When I was in Alvor last November (Apartment) this area was an official Aire with service facilities and there was about a dozen vans there most of the time.
Ian


----------



## craigrogers (Oct 30, 2011)

Sorry about digging this back up.

However, it's pretty obvious to me that the guy has probably lost a lot of money and is now fed up with life and turned into a moaner.

We went to Alvor a couple of years ago and loved the place.

We were going to purchase an apartment there as a holiday home and a rental opportunity.

Until we discovered 2 things;

1) We spoke to a British property tycoon who had lost a serious amount of money in the Algarve. He was sitting on about £3Million worth of property that was worth less than £1Million. He strongly advised us against investing in the Algarve

2) We saw the british (amongst others) Motorhomes parked in the area shown in the video.

Due to point 2, we returned to the UK and purchased a MH instead! 

There is certainly no eyesore on the beach front. Alvor itself is very pretty, but the area in the video (and others near the front) have been left to wasteland due to developers running out of money. It's already a bit of an eyesore.

We've not yet ventured as far as Alvor, but hope to go next year.


----------



## Glandwr (Jun 12, 2006)

I can confirm that the exact spot is now an official aire (4 euro a night) with a newly built bourne, a full time caretaker in daylight and limited EHU. 

We didn't stay there though, perfect for the beach and the old fishing village but a quagmire then because of a storm the previous night.

This was Feb 2013, large blocks of very ugly holiday apartments overlooking whose Northern European occupants must be really peed off at MHers having it all foe 4 euros a day :roll: a least the vans move on.

Dick


----------



## craigrogers (Oct 30, 2011)

Thanks Dick,

Is the Aire fairly large?


----------



## Glandwr (Jun 12, 2006)

Hi Craig, from memory it is big enough to fit dozens rather than hundreds. There are rudimentary pitches marked out with, I seem to remember, white painted stones so that is not a free for all.

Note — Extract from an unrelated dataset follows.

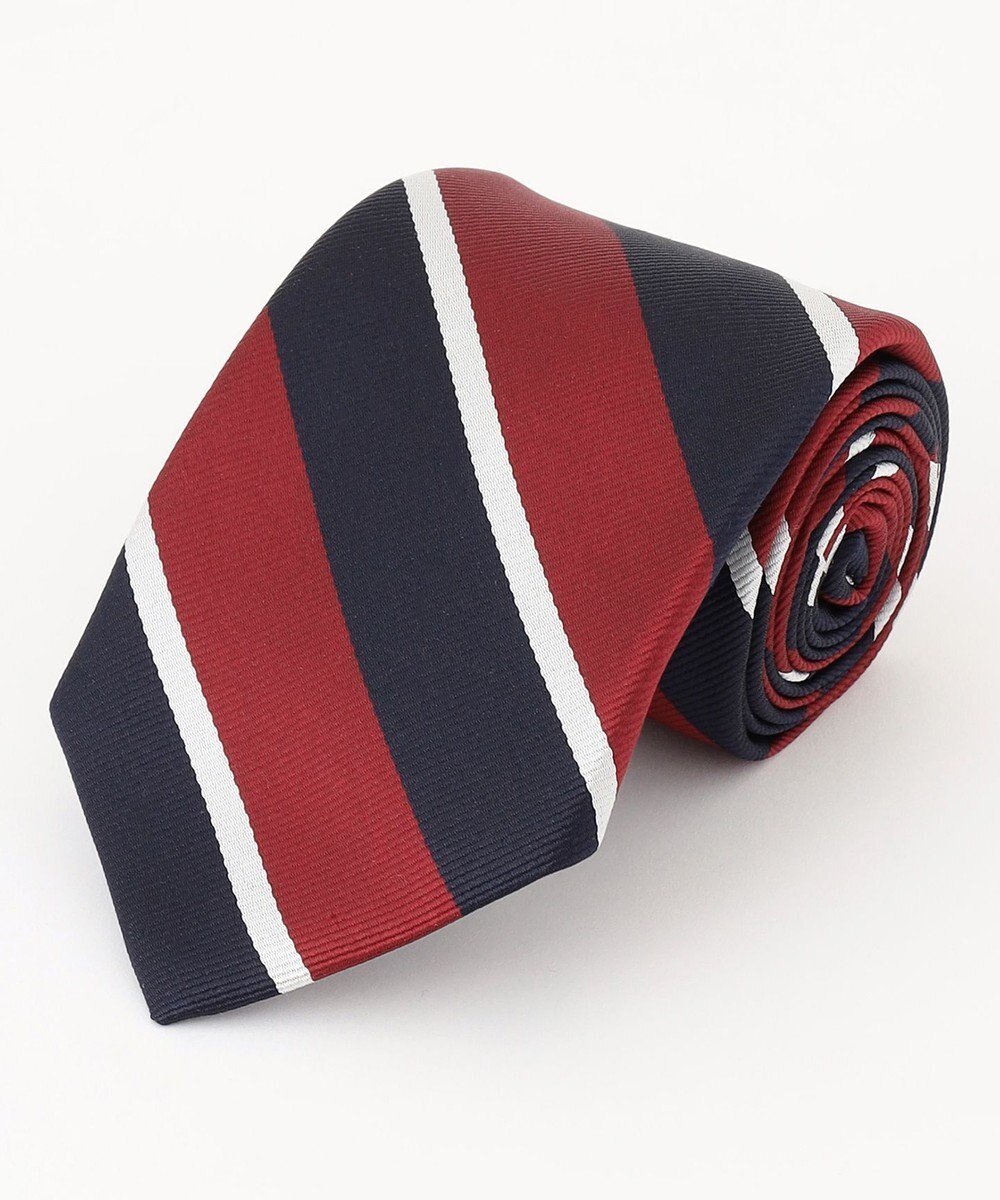 【ジェイ プレス/J.PRESS / MEN】の【定番】オーセンティック / レジメンタル ネクタイ インテリア・キッズ・メンズ・レディースファッション・服の通販 founy(ファニー) 　ファッション　Fashion　メンズファッション　Fashion for Men　ストライプ　Stripe, Striped Pattern　スーツ　Suit, Formalwear　定番　Standard, Basic Item　人気　Popular, Best Seller　帽子　Hat, Headwear　リボン　Ribbon, Bow　おすすめ　Recommended / Our Picks　ワイン系2|ID: prp329100004866471 ipo3291000000036242589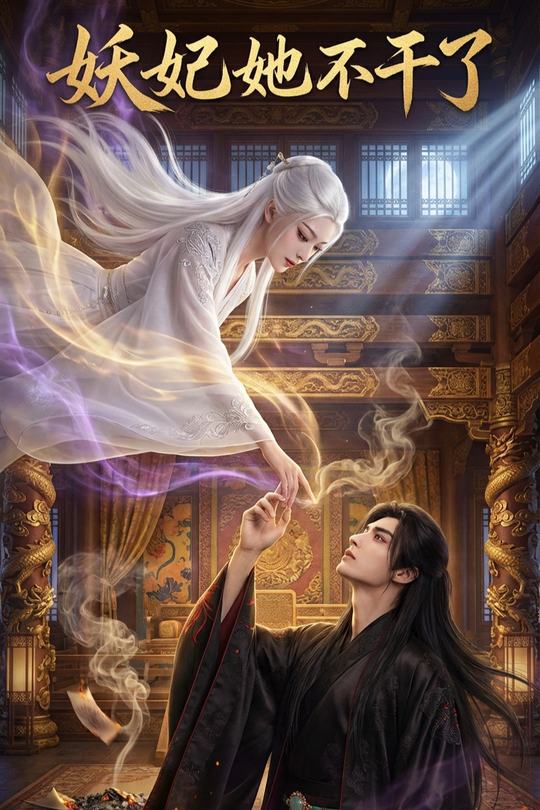 妖妃她不干了封面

There are signs in all the other carparks and on the approach to the village discouraging camping cars. The EHU is as I said limited. I think that there were 4 points adjacent to the bourne. Trailing leads and split offs for many, many yards :roll: 

Dicks


----------



## McGeemobile (Jun 10, 2010)

That's right. It's nothing like as big as the aire in Portimao Marina. When we stayed at Alvor a few months back I couldn't believe that there were still about a dozen vans wild camping just outside near the beach even though there was plenty of room in the aire. I think the 4 euro cost included water and the electricity was free, but you would need a very long lead.


----------